The silty wine (just off a plane the day before and jostled from the walk over) jumped out, grabbed me by the nose, pulled me into the glass. For a second I thought drowning might be a happy option. Then of course, reality kicked in. I'd need more than an inch and a half of liquid to do the job. But, nevertheless, the wine had such damned grip it was sexual.
In the middle of the rapture, I caught a two-day-old face fuzz on a graying guy over to the left. Uh, is that George Clooney?
He seemed so young, it didn't seem possible. He fawned over such uninteresting girls I thought, no, he had to have better taste than that. Cindy Crawford came and and sat down and twiddled her hair. I rushed to Byron. I wanted to know (oh I am so shallow) what he drank.

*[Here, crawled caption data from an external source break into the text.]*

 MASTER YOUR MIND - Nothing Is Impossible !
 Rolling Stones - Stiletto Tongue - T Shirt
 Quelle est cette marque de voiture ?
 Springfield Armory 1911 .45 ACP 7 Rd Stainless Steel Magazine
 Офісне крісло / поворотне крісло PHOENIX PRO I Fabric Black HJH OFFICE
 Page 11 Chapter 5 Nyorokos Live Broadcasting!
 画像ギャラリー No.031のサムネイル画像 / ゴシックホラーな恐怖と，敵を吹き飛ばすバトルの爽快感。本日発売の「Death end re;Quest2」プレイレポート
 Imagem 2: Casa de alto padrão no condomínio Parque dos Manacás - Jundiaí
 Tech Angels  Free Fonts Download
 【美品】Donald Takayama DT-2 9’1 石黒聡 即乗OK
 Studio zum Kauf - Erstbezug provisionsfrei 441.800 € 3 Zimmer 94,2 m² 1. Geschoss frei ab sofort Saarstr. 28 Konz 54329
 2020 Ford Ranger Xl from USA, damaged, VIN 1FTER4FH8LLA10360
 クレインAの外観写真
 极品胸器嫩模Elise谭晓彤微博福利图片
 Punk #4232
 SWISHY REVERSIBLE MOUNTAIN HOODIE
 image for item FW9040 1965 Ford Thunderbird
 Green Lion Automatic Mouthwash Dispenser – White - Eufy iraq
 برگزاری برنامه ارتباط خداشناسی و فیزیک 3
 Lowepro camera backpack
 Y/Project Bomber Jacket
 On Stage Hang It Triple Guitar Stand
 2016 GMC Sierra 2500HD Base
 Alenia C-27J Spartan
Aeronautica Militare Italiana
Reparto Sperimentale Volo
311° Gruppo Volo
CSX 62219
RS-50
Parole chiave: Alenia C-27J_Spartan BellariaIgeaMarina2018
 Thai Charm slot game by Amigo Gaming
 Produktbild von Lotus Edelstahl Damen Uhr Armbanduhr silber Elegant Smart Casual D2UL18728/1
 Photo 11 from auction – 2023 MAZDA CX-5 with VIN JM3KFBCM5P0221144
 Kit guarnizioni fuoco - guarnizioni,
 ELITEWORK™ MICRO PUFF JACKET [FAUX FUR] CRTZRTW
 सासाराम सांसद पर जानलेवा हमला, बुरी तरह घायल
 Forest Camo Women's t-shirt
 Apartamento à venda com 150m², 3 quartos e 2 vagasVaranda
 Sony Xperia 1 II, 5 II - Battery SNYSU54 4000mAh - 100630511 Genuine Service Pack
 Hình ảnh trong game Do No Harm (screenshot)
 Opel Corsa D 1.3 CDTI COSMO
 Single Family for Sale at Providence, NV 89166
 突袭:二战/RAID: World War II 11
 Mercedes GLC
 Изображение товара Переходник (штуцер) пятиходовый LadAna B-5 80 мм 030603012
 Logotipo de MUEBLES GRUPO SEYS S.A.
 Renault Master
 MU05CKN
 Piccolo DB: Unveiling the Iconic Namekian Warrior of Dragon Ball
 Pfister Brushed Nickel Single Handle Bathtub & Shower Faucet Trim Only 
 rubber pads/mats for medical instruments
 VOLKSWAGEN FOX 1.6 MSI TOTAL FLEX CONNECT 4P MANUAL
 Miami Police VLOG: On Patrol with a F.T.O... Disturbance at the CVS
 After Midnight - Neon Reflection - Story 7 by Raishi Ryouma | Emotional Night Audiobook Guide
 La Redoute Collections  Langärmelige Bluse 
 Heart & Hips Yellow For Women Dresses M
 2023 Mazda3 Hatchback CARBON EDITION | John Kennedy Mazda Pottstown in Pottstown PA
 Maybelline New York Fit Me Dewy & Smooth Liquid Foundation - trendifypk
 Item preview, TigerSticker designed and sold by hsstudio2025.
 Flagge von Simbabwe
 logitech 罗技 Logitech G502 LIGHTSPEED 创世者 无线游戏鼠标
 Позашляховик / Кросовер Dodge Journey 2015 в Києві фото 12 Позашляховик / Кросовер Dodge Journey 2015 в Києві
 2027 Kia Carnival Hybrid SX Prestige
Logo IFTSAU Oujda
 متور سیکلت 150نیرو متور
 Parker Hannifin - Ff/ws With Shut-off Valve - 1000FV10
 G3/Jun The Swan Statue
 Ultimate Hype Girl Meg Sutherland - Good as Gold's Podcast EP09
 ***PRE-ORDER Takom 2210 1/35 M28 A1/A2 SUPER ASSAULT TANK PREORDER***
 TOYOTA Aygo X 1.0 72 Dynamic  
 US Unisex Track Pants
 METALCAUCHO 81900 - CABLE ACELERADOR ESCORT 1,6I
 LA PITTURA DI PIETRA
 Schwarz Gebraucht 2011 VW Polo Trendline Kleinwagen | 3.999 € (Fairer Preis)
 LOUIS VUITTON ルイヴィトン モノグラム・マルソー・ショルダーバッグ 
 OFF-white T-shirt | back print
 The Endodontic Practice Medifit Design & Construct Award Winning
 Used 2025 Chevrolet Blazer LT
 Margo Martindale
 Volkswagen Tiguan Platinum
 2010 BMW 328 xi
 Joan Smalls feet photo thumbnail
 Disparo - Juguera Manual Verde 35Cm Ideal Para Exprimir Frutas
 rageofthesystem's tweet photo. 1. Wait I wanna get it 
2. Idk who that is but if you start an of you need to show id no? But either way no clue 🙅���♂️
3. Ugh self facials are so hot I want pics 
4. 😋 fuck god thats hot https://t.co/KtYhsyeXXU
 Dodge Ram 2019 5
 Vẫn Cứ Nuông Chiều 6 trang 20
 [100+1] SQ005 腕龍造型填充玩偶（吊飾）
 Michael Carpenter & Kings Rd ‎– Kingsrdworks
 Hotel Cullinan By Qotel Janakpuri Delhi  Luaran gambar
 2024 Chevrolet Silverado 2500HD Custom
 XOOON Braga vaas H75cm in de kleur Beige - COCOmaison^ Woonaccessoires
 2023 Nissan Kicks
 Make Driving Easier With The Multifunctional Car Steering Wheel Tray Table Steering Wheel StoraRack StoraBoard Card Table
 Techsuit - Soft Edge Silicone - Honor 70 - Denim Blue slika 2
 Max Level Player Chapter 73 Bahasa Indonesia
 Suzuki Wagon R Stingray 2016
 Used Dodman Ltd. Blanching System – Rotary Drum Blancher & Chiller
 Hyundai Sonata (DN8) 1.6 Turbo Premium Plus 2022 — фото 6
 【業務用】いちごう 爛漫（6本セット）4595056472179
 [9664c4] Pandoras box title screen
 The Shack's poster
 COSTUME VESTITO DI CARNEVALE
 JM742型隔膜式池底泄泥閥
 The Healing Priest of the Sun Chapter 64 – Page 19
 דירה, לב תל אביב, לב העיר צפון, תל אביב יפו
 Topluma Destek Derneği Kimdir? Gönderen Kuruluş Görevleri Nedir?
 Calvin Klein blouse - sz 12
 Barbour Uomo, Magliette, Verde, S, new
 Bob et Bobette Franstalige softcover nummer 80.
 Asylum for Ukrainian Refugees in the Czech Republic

Bea. Sagrantino. Bea. Great producer. You see, such unlikely people drink such great wines at this spot. That's where the people watching for me really kicks in.
But back to the burgundy.
Marc saw my puzzlement about 1929's grip and power. He told me its secret.
In the winter after the harvest his grandfather rolled out the barrels. Part of the wine froze and he removed the ice and returned the barrels to the cellar. In the spring, the wine warmed up and went through malolactic. Everything else went as normal.
My eyes bugged out as I registered that this was an early form of wine concentration. Now, how did I, Ms. Anti-Reverse Osmosis feel about that?
Proof was indeed in the glass.
78 years later the wine was gorgeous and filled with the spice of old burgundy that I have come to crave. It was terrific old burgundy, complex and seductive except it was Santenay(!) which I never think of being so intense and long lived.
To really figure out how I feel, I would have had to been privy to the early conversations leading up to the de-cubing decision.
Was it to fix something that went wrong in the vintage? If so, the save worked.
Was this an experiment to see if the wine could be made this way without adding sugar in chapitalization? In that case, it worked.
And, why was the ice cube technique abandoned? Did it produce a wine too brawny its youth?
In case you're wondering, I’m not likely to change my stand on reverse osmosis or concentration. I still think the concentrator/ro is a torture chamber for wine and allowing some ice to form and then removing it, sounds crazy but not that dissimilar from vetting wine from free run juice during grape crush.
But I'd love to know what you all think.